You should also keep in mind that longer journeys will very likely involve a mix of different speeds. Therefore, I recommend using video mode for such recordings and letting Mapillary decide how many frames are actually extracted from the video. The number of GPX nodes isn’t necessarily crucial here; Mapillary interpolates additional GPX points as needed. My experience has shown that a high GPX node density during upload is more of a hindrance than a help for this process.

Those using a GoPro MAX2 are in luck, as Mapillary takes care of everything for them.

bob3bob3 · March 8, 2026, 5:41pm

Okay thanks for that, but don’t know how significant that will be in my case as the tools are already looking at populated jpg EXIFs. (using exiftool to do the geotagging & interpolation) They don’t look at a GPX at all and so far the 3FPS frames have only had a few duplicate removals that signify deliberately dropped frames. My process command line though does have;

–duplicate_angle 90
–duplicate_distance 0.25
–cutoff_distance 50
–cutoff_time 180

Most of the take is at highway speeds of perhaps 8m/frame. I’ll probably increase the --duplicate_distance to about 2m (and --duplicate_angle to maybe 20) but have to keep in mind that the images are only 2K and are bit gluggy, so object recognition may be better.

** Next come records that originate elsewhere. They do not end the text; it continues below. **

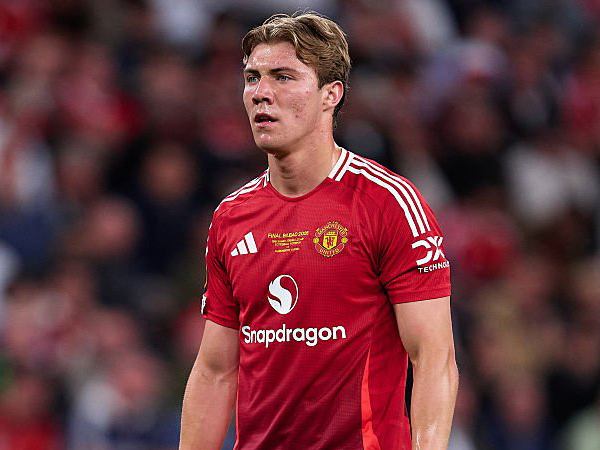 Rasmus Hojlund. (Foto: Bruno Penas/Quality Sport Images/Getty Images)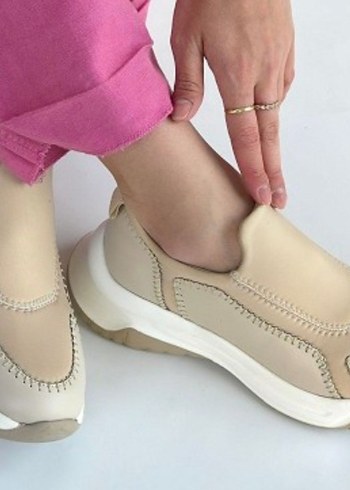 40 Beden Kadın Pudra Dolgu Topuk Spor Ayakkabı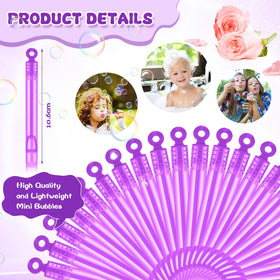 Shappy mini bubble wands close-up with rose design for colorful, sunny bubbles.
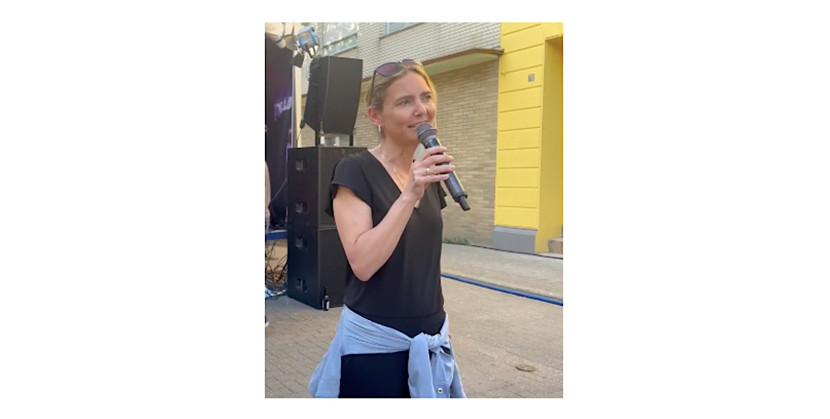 Sie nimmt Abschied von ihrem Amt, nicht von ihrer Wahl-Heimatstadt …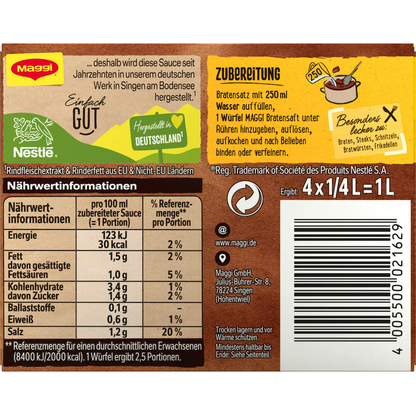 Artikelbild 2 für Maggi® Bratensaft 24x 4 St., Artikelnummer 612214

For reference my source GPS data is NMEA at 5/sec from a ublox as a single daily file. The source video (that I process with ffmpeg) are 1 GByte, 5 minute 2K MOV’s at 30FPS that I only pull the (1 in 10) index/key frames from. Largest Mapillary sequences are then around 800-900 images.

GITNE · March 8, 2026, 6:30pm

Uploading to Mapillary and efficiency… I guess we can only dream. Like you have already mentioned, a USB 2.0 connected drive is always going to be the main bottleneck in this scenario. And, it will not help that the drive is a SSD. I too do my image post‑processing on a USB 2.0 connected hard drive (for multiple reasons there is no need to go into here). The HDD is more than fast enough for USB 2.0, so I accept this bottleneck.

However, for me the tightest bottleneck is mapillary_tools itself. It is incredibly slow and inefficient. Most things happen on one CPU core or thread only because of Python’s global interpreter lock (GIL). In other words, Python does not support true multi‑threading to this very day, despite having a threading API module. So, do not get fooled by --num_processes and --max_upload_workers options. They do not do exactly what you think they should do. Due to the GIL Python however does support asynchronicity at best. Effectively, this is comparable to Hyper‑Threading at CPU level or Windows 3.0-3.11 switched tasking. Only because of I/O’s inherent asynchronous nature on modern operating systems, you kind of get the illusion of multi‑threading in Python, although it is not true multi‑threading.
But, this is not the worst part. mapillary_tools has many horrendous internal bottlenecks. For instance, mapillary_tools validates its own JSON image description files (yes, these are files that it has just output itself!) with an awfully slow single threaded validator. Then, it MD5 hashes each file fully, also on a single thread only. When uploading, it does not even hash ahead all sequences in the upload queue. It only hashes the next sequence right before it commences uploading. All of the above may work okay for a handful of sequences with a couple hundred images each but it does not at all scale to hundreds of sequences with thousands of images per sequence. You, as a contributor, cannot fix this easily. This is something rather on Mapillary’s end to do. So, I am afraid, I cannot give you any really helpful ideas due to the “elephant in the room”.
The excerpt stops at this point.